The irony is that Roiphe would have nothing to criticize if women had not exercised agency. Her real problem is not that women were passive, but that they were active in ways she disdained. Twenty-five years on, Roiphe enjoys a prominent writing career and a plum teaching job at New York University. Meanwhile, SOPP only recently emerged from its years-long reputation as a punchline. (Saturday Night Live even parodied it.) But SOPP was never intended to legislate every minute sexual act. At its heart sat two ideas: In a sexist society, ethical sexual behavior is a learned skill, and asking for consent reduces the possibility of harm.
It was not intended to blur lines, but to clarify them. What’s lost when a man asks a woman permission to kiss her? Romance must be fragile indeed if requesting consent will kill it.
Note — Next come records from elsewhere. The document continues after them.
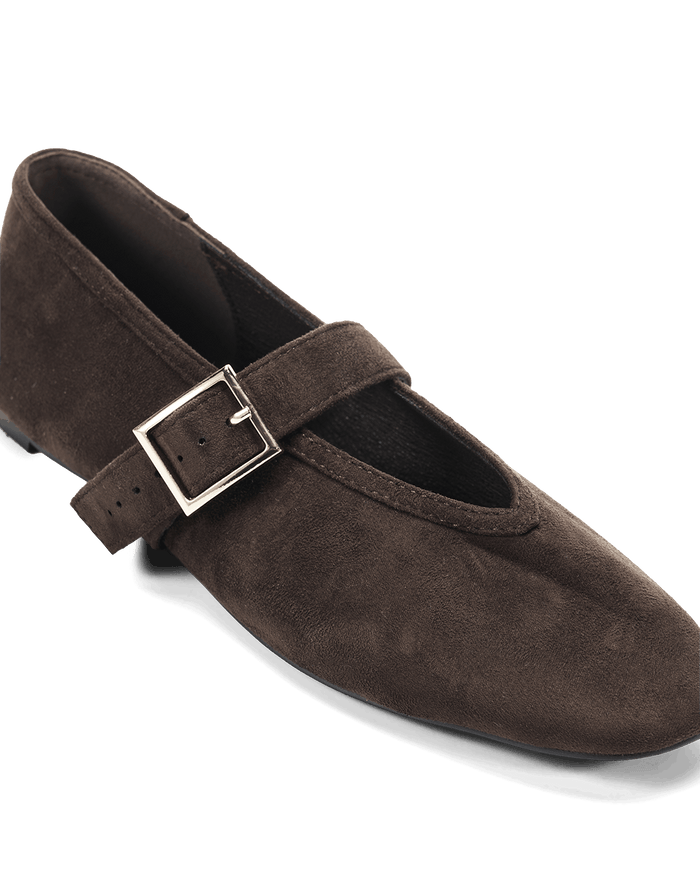 WEDNESDAY - DARK CACAO SUEDE-Flats-Billini-Billini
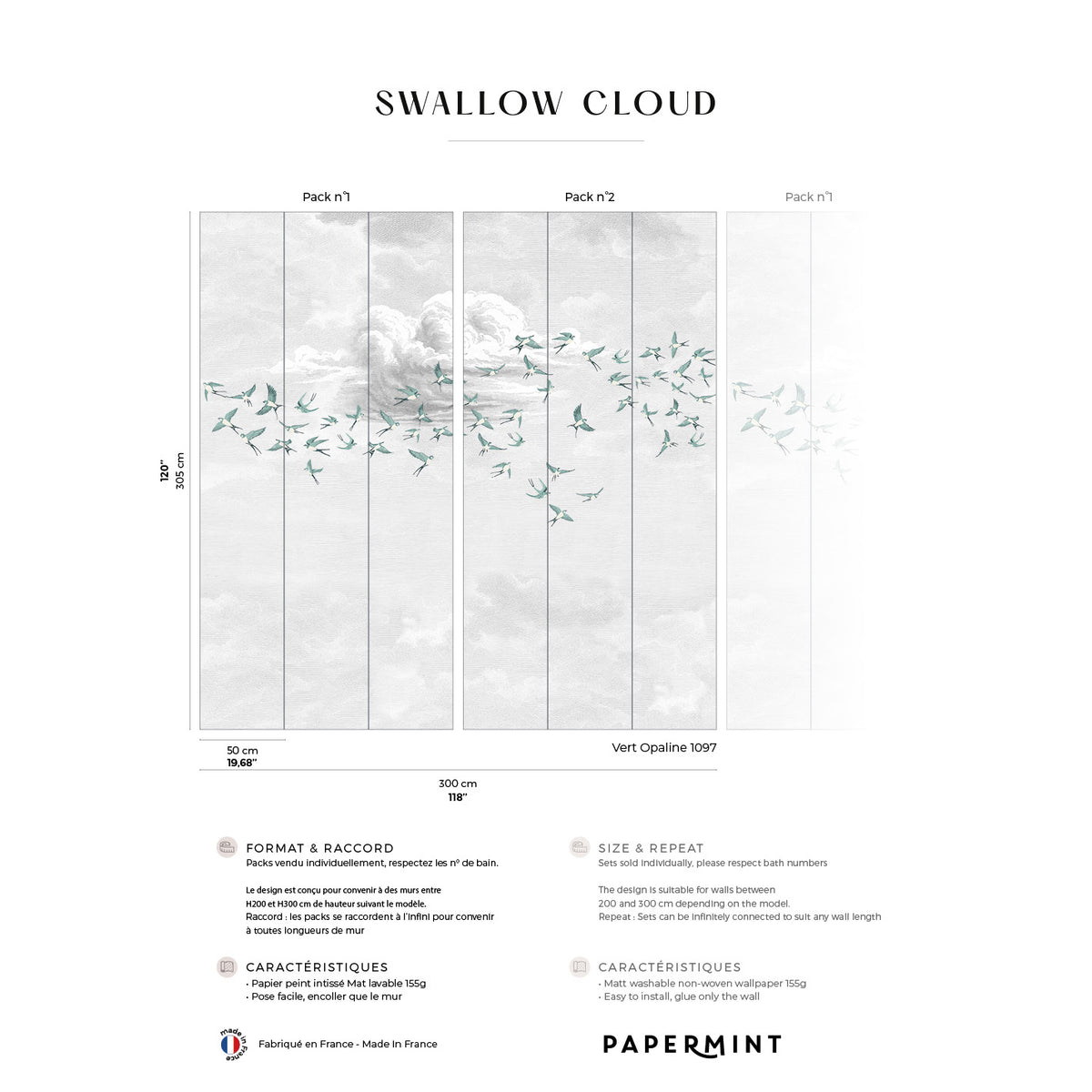 Papermint Swallow Clouds Pack 1 & 2 in Teal Wall Mural 8184-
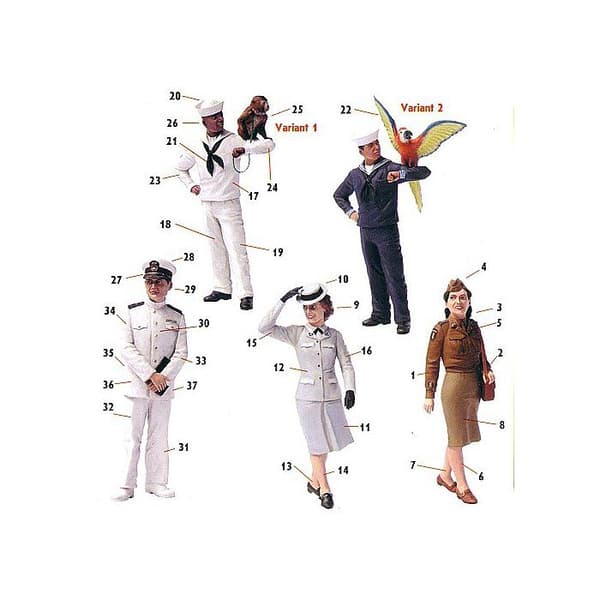 Figurer 2:a världskriget: Kvinnor i strid: US Navy Waves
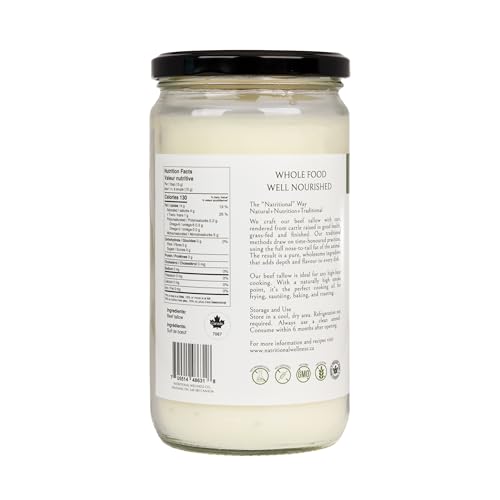 Canadian Beef Tallow in Glass Jars, Grass-Fed, Grass-Finished, Kidney Suet, 24 oz, 600 g, 750ml, Product of Canada, Ontario Made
Furthermore, the argument that we are talking about sexual violence too broadly entails defining our terms down until the problem appears smaller than it is. Any productive conversation about sexual violence must extend to sexual ethics, including how men respond to verbal and nonverbal cues, as Grace’s story showed. Urging women to flee or to call a cab or to punch their attackers prevents that conversation from taking place. It keeps the burden where it’s always been, which is on women, and absolves men of their responsibilities.
But women cannot avoid the stench of victimhood, it seems, no matter what they do. If they speak up about what happened to them, they choose victimhood. If they identify solutions, they choose victimhood. If they talk about date rape or bad sex, they choose victimhood. It is commentators like Flanagan, Weiss, Roiphe, and Sullivan who set these traps for women. Their opinions spread like wildfire over social media—Weiss even bragged about breaking the internet—but not because they are saying anything we haven’t heard before. It is because these supposed dissenters are giving voice to the stubborn consensus that has been there all along.